Thirdly, Katie Nicholas gave a presentation on setting up the ebookmatrix, a comparison site of some of the ebook providers in the marketplace. This looks like a hugely useful site for libraries, is easy to use, and contains a lot of other helpful information e.g. setting up WAYFless links, for example. It also sounded like the effort and research the team put into setting up the sytem was also something that should be of great interest and use to the ebook providers themselves as useful feedback on their services. I’m definitely going to share this with colleagues, it’s a great site.
The LISDIS team, fourthly, spoke to us about the LISDIS conference, the first of which took place in November last year. LISDIS stands for Library and Information Science Dissertations and the conference was set up to enable LIS students to share the research undertaken in their dissertations. The first conference was a great success and they got a large number of submissions which they had the difficult job of choosing from for the days programme of nine. I really liked the emphasis on increasing visibility of LIS research and think they’ve already achieved a lot with this. I’d be interested in the future to see whether it evolves into a platform to encourage collaboration amongst researchers, particularly in-post and cross-sector, as I think that would be a really interesting and vibrant area. They hope to have another conference soon so check out their website or @LISDISConf for more info.

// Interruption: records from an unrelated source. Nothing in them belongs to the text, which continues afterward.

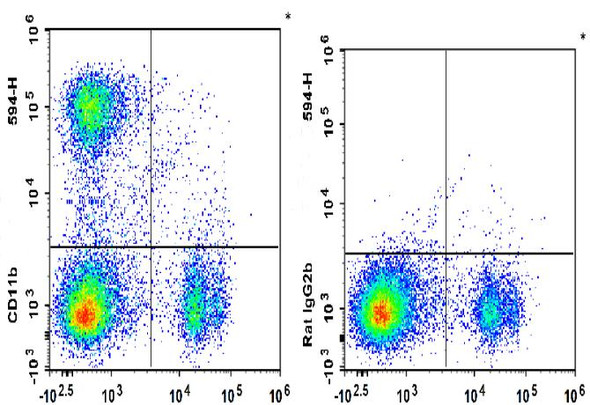 PE/GenieFluor 594 Anti-Mouse/Human CD11b Antibody [M1/70] (AGEL3234)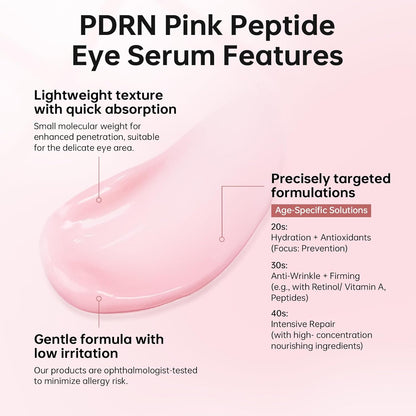 PDRN Pink Peptide Eye Cream,Under Eye Cream For Dark Circles with Niacinamide, Retinol & Hyaluronic Acid to Fight Fine Lines,Wrinkles,Puffiness And Bags Under Eyes,Korean Skin Care 30ml/1.01 fl. oz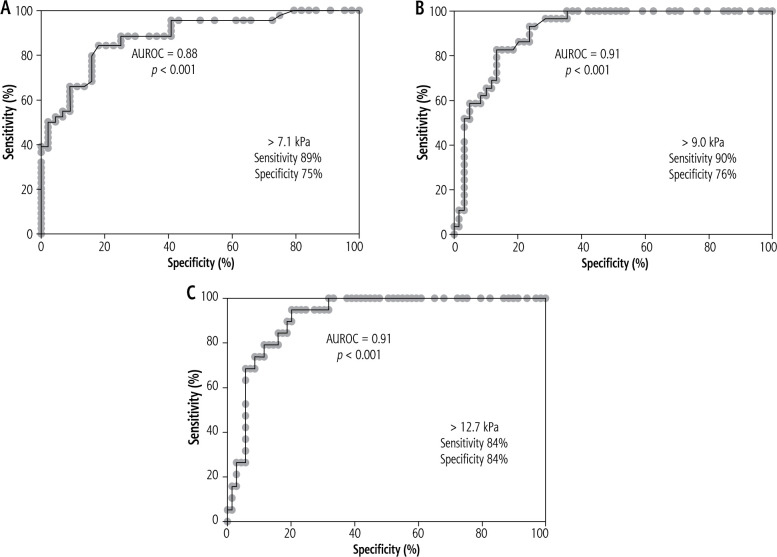 Shear-wave elastography for evaluation of hepatic stiffness in chronic viral hepatitis B and C.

The afternoon session led by Emily Hopkins was on coding, and after a presentation giving us an introduction to coding we were able to get hands-on with some Python practice using free site Codecademy. Unfortunatley for me I couldn’t access the site properly on my browser, but I’ve used Codecademy before and it’s a good site to learn and get experience of coding and I recommend giving it a try. I’ll certainly be having a look at completing the Python work at home. These kinds of skills are becoming more sought after in the library and information professions, and as discussed at the event even if you don’t forsee yourself needing to use this kind of thing in your role it’s good to have an understanding of it as something you will no doubt come into contact with in one way or another.This was a really fun and practical session.

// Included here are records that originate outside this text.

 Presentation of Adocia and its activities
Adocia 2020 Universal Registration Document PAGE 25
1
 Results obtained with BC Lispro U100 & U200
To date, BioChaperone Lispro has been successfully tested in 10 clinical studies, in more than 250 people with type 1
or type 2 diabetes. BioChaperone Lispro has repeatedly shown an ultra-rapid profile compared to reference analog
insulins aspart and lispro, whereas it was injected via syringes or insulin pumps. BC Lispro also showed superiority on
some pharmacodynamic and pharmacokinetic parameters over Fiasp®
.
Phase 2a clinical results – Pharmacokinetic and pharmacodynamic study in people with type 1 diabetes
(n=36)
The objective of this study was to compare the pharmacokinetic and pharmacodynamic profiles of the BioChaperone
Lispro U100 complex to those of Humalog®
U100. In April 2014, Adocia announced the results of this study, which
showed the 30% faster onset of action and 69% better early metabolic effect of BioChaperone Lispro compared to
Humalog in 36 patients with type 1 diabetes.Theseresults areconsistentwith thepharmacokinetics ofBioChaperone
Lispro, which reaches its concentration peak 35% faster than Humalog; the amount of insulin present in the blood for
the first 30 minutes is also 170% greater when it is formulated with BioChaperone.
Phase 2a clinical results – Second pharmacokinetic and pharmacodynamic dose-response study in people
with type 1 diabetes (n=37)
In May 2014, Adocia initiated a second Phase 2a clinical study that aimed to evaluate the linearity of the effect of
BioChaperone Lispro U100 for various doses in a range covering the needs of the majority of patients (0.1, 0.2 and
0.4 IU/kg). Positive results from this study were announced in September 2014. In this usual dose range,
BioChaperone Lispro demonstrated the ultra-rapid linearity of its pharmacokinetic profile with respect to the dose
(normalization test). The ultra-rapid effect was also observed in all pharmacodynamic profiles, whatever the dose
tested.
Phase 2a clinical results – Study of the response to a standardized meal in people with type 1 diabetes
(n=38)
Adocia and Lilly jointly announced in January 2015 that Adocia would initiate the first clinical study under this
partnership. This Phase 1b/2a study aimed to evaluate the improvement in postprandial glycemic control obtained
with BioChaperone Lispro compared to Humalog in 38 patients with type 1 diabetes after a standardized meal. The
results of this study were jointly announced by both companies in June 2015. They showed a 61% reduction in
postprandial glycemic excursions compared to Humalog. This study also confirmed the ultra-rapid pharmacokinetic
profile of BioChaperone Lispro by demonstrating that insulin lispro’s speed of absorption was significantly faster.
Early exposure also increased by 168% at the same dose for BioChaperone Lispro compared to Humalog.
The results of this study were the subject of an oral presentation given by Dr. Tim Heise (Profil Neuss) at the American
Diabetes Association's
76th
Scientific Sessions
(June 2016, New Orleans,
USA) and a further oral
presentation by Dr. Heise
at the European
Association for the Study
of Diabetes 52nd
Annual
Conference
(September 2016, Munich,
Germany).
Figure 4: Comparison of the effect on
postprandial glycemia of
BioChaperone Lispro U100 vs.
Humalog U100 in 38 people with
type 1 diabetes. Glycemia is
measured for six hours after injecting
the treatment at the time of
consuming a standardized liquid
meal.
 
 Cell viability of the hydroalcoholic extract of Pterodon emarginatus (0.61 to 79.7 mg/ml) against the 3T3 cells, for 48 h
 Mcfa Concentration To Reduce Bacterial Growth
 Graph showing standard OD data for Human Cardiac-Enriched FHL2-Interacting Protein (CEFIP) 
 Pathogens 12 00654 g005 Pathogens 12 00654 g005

Overall a brilliant event from Manchester’s NLPN, a good venue, good speakers, and well attended (20-30 at a guess). It’s really good to have the opportunity to meet with others in the profession from a range of sectors and roles, and very motivating to hear about all the exciting things being done. I just wish that these kinds of events were given even more support to enable them to take place more frequently and during the working week!